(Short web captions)
----

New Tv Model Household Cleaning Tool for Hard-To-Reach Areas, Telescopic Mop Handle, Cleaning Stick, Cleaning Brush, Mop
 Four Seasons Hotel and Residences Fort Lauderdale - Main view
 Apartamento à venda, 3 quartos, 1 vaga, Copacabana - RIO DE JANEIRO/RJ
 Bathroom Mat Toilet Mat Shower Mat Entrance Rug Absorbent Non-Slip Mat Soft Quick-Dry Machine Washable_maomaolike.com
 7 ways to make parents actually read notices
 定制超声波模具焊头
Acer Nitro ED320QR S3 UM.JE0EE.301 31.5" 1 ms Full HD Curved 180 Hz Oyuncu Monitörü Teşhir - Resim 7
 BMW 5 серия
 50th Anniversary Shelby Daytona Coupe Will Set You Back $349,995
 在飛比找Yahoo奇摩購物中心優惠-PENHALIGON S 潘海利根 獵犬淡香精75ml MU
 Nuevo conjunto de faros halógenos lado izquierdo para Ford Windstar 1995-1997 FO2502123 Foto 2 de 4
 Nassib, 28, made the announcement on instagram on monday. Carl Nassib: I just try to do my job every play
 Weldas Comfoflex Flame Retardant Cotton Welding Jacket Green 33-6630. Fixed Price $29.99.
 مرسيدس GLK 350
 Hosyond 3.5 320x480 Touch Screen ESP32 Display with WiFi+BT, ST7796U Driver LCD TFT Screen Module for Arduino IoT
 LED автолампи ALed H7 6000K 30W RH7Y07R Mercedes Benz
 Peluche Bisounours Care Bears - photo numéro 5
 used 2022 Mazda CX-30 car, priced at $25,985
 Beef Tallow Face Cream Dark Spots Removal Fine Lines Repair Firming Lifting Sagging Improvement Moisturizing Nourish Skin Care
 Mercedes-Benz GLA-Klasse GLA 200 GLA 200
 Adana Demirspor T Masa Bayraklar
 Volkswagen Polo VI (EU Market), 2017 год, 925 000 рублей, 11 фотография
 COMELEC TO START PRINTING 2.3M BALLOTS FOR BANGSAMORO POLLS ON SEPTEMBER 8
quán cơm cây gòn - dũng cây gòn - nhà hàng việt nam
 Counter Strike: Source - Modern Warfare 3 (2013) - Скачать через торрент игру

----

Exercise directions:
Copy, without any change, the lines from the one that contains "LED автолампи ALed" to the final line of the entries above.

Solution to the exercise:
 LED автолампи ALed H7 6000K 30W RH7Y07R Mercedes Benz
 Peluche Bisounours Care Bears - photo numéro 5
 used 2022 Mazda CX-30 car, priced at $25,985
 Beef Tallow Face Cream Dark Spots Removal Fine Lines Repair Firming Lifting Sagging Improvement Moisturizing Nourish Skin Care
 Mercedes-Benz GLA-Klasse GLA 200 GLA 200
 Adana Demirspor T Masa Bayraklar
 Volkswagen Polo VI (EU Market), 2017 год, 925 000 рублей, 11 фотография
 COMELEC TO START PRINTING 2.3M BALLOTS FOR BANGSAMORO POLLS ON SEPTEMBER 8
quán cơm cây gòn - dũng cây gòn - nhà hàng việt nam
 Counter Strike: Source - Modern Warfare 3 (2013) - Скачать через торрент игру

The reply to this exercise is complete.